Yoksa başlığı “Hüzün Bayramı” olarak mı değiştirseydim bilemiyorum ama küçüklüğümde gördüğüm ve her Kurban Bayramında gözümde canlanan bir rüyanın tesiriyle zihnimde oluşan fikirleri paylaşmak için zannederim en vurgulayıcı başlık böyle bir şey olmalıydı. “Bayramlar sevinç günleridir” nereden çıktı bu hüzün der gibi kaşlarınızı çattığınızı görüyorum ama Kurban bir başkadır. Hüzünlerin en sarısı O’nda yaşanmaktadır.
Kurban, Arapça bir kelime olup “akraba” kelimesinin de kendisinden türediği “Kurb” kelimesinden türemiş “Yakınlık” ifade eden bir kelimedir. Istilahi manada Kurban, “Yakınlaşma ve Allah’a yakın olma” anlamındadır. Cenab-ı Allah, Kur’an’da: “Sizin kestiğiniz kurbanların ne eti ne de kanı Allah’a ulaşmaz. Allah’a ulaşacak olan sadece sizin takvanızdır”(Hac, 37) buyuruyor.

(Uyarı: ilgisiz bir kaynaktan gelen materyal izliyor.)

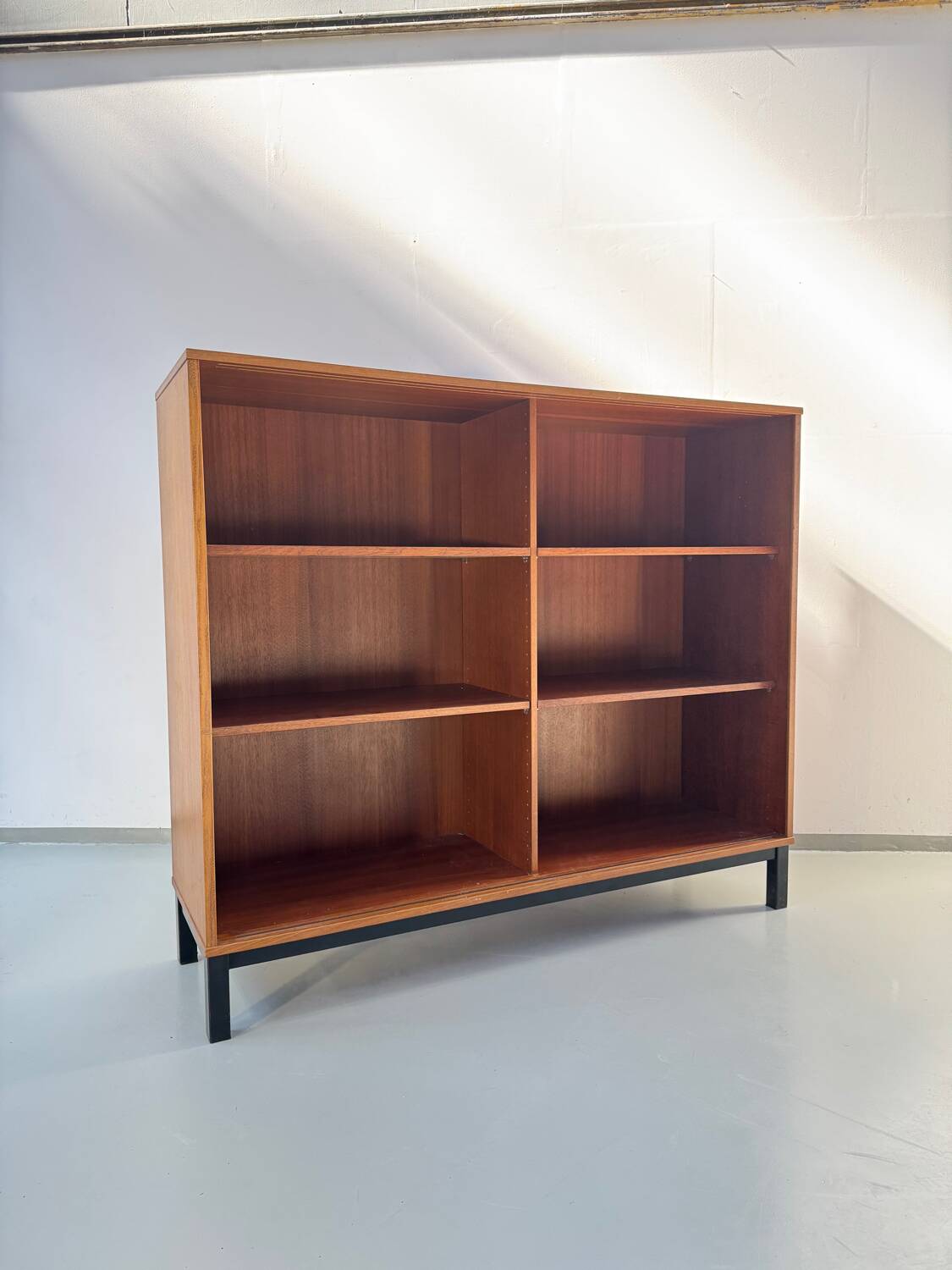 Armoire danoise vintage en teck - années 1970.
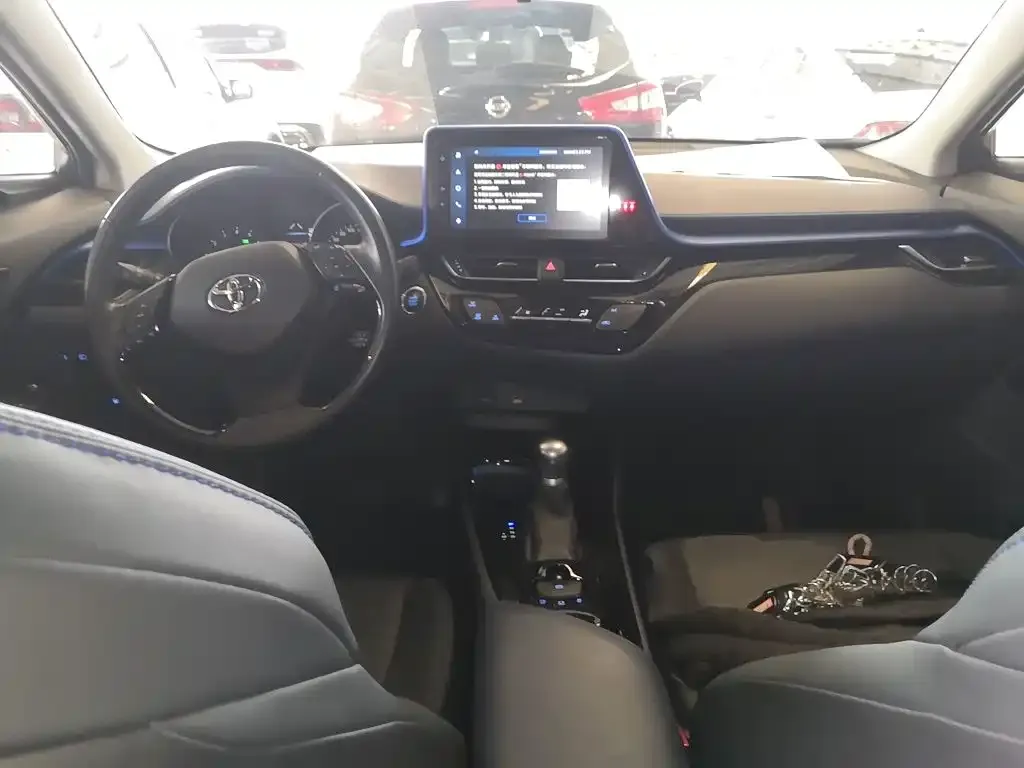 Toyota C-HR — фото 3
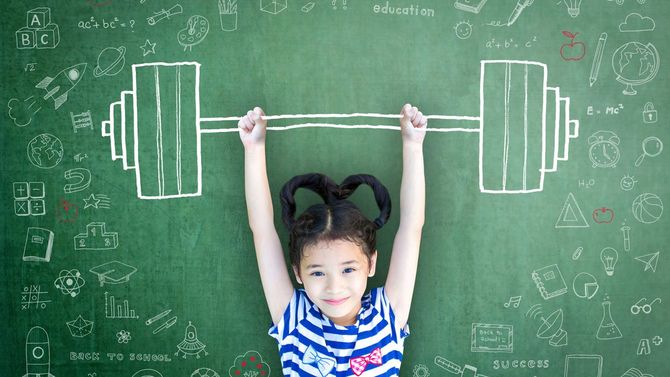 黒板に描かれたダンベルを持ち上げる少女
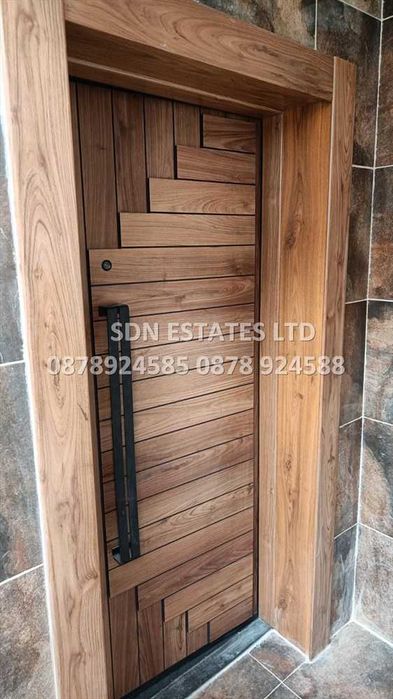 Продава се Четиристаен апартамент в Казанлък - 160 кв.м за 938 €/кв.м - Снимка #10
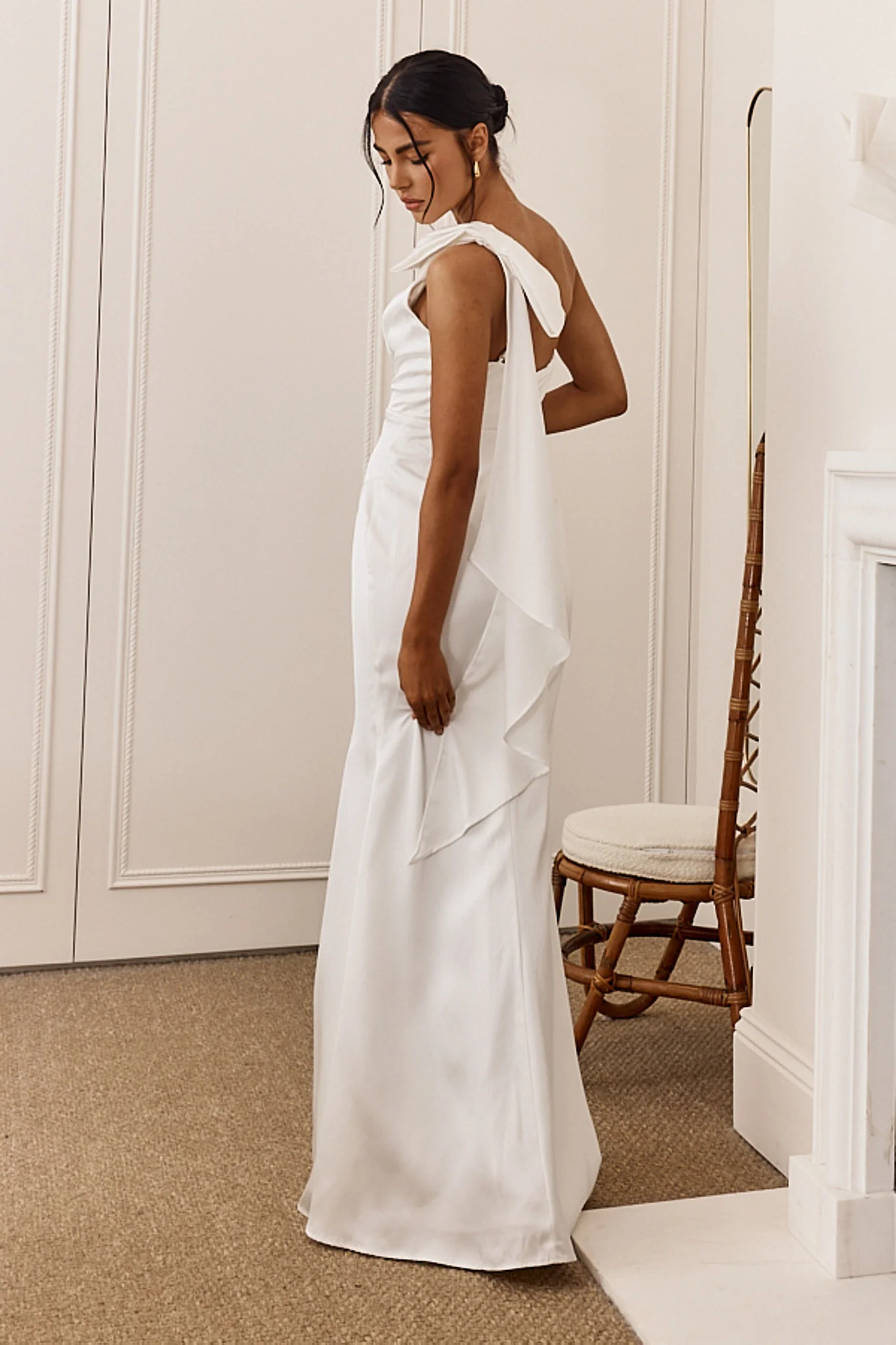 Carriann One-Shoulder Bow Maxi Dress White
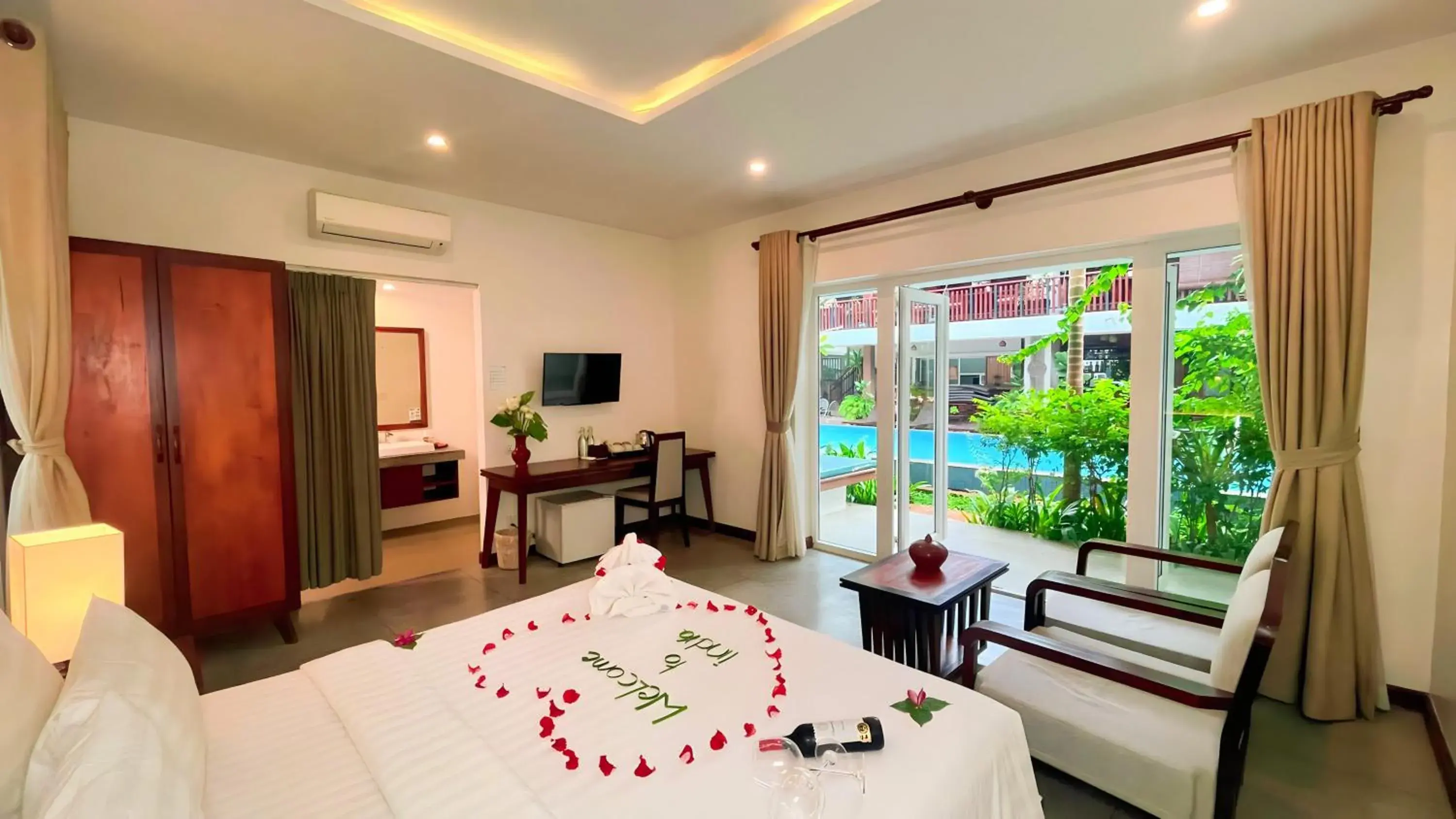 King Suite With Balcony Pool View - Free Pick Up in Indra Angkor Residence King Suite With Balcony Pool View - Free Pick Up in Indra Angkor Residence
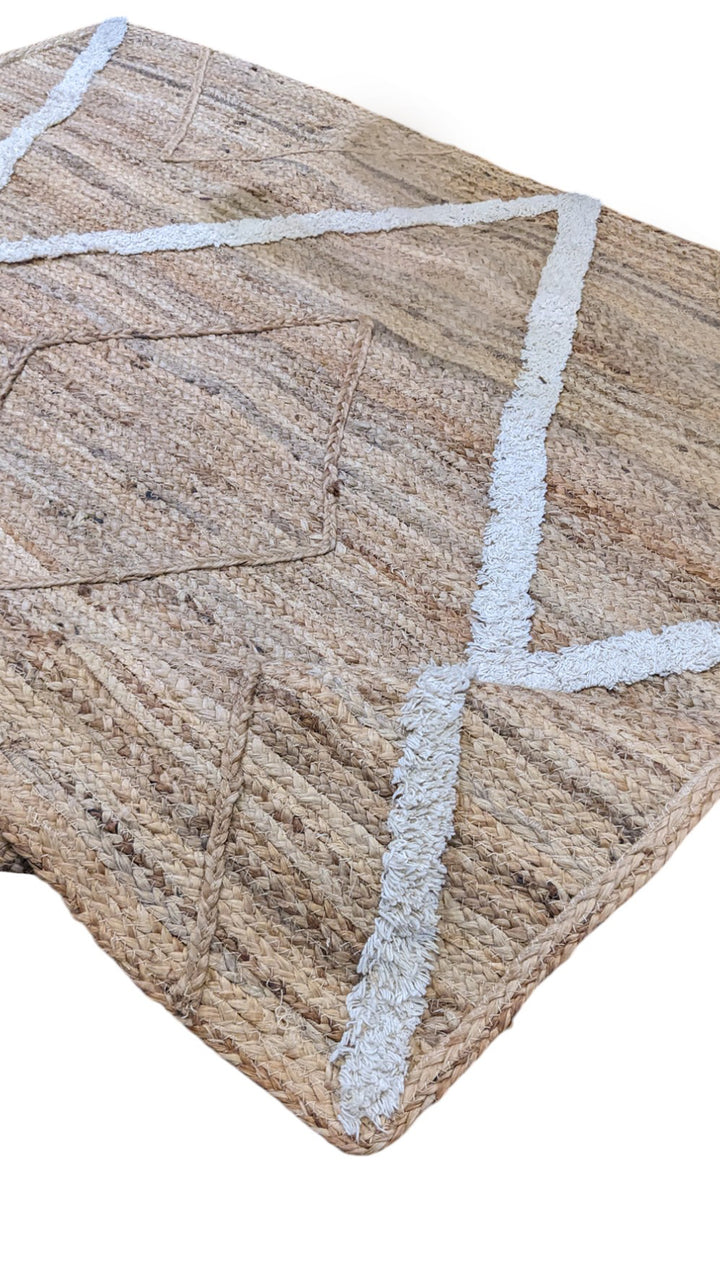 Braided Natural Jute Rug - Size: 5.7 x 4.4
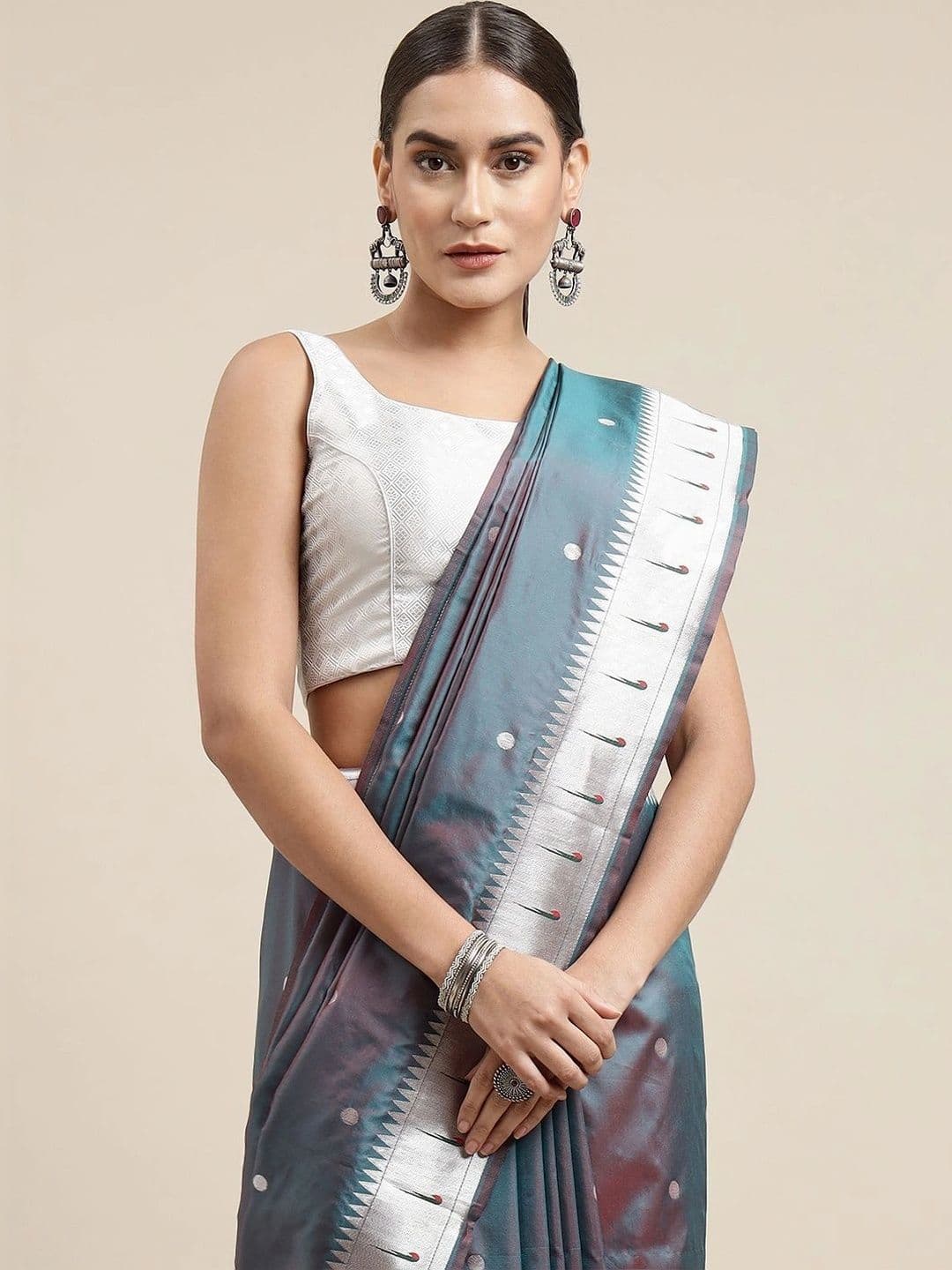 KALINI Women Polka Dot Zari Art Silk Paithani Saree thumbnail 2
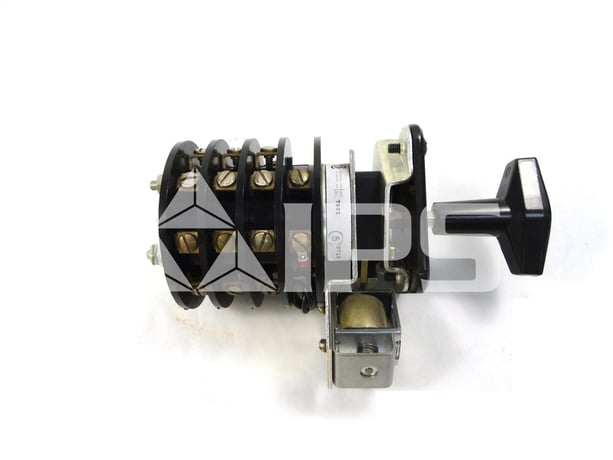 Electroswitch 24 Volts DC Lock Out Relay Series 24, 3 Stage - Image 1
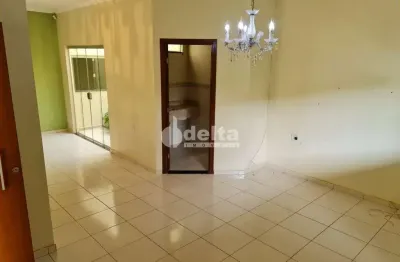 Casa residencial com 3 quartos sendo 1 suíte disponível para venda no bairro alto umuarama em uberlândia - mg
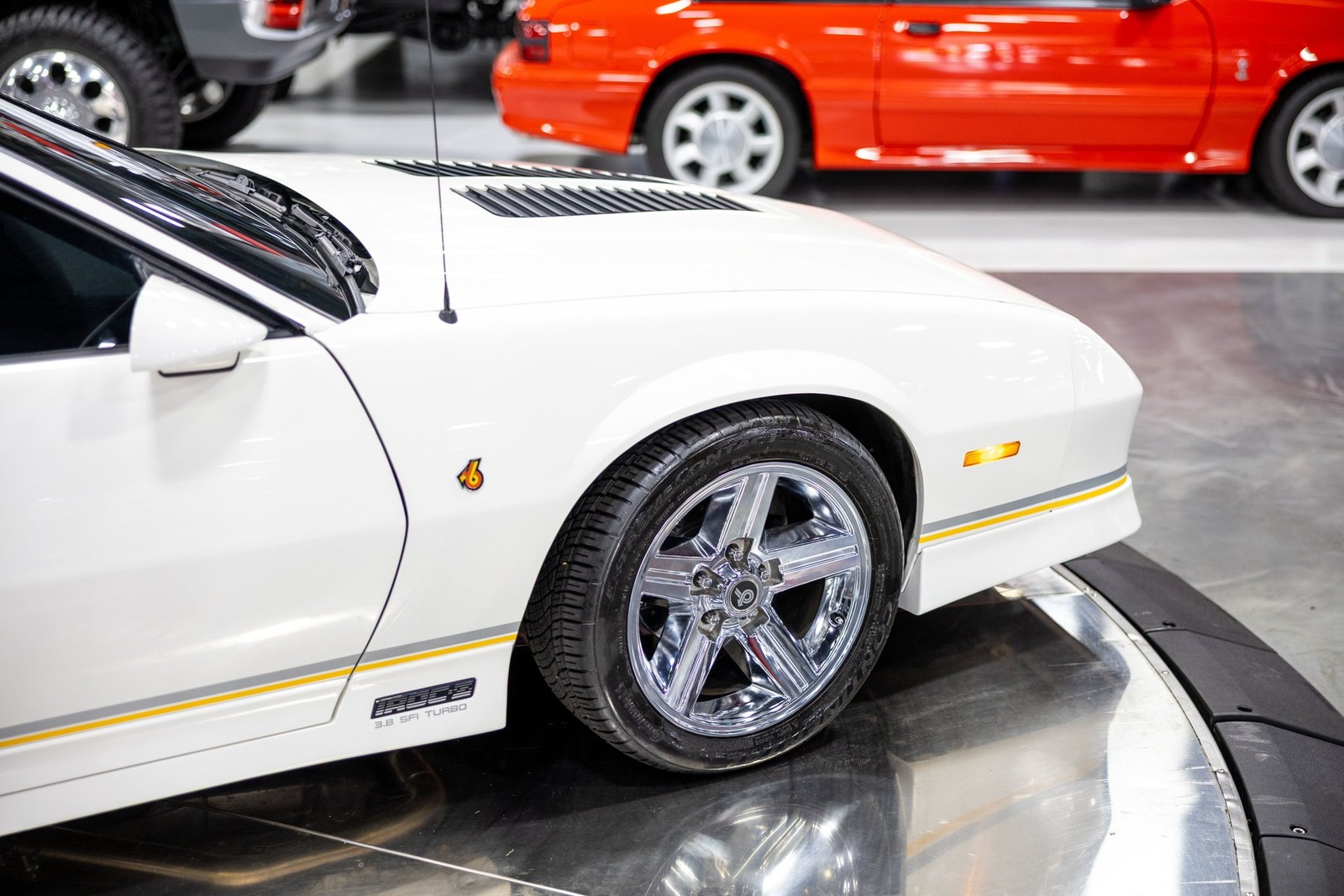 Chevrolet-Camaro-1989-Coupe-18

Türk Dil Kurumu sözlüğünde ise Kurban mecazi anlamda “Bir ülkü uğruna feda edilen ya da kendisini feda eden kimse” olarak tanımlanmaktadır. Bir fikir vermesi bakımından diğer tanımlara da bir göz atmakta yarar var. “Dinin buyruğunu veya bir adağı yerine getirmek için kesilen hayvan.” “Halk ağzında İçtenliği belirten bir seslenme sözü.” “Maddi ve manevi bakımdan felakete sürüklenmiş, insani değerlerini yitirmek zorunda kalmış veya bırakılmış kimse” birer kurbandır. Öte yandan deyimlerimiz de vardır. Kurban olmak; “Bir kimse veya bir şey için kendini feda etmek.” (birinin veya bir şeyin)Kurbanı olmak; “Uğruna ızdırap veya büyük üzüntü, sıkıntı çekmek, zarara girmek, ölmek.” Kurban gitmek; “Suçsuz yere ölmek, zarara uğramak.” Kurban vermek; “Can kaybına uğramak” Son olarak bir de Komplo kurbanı ;”Kendisine komplo kurulan veya komploya uğrayan kimse.”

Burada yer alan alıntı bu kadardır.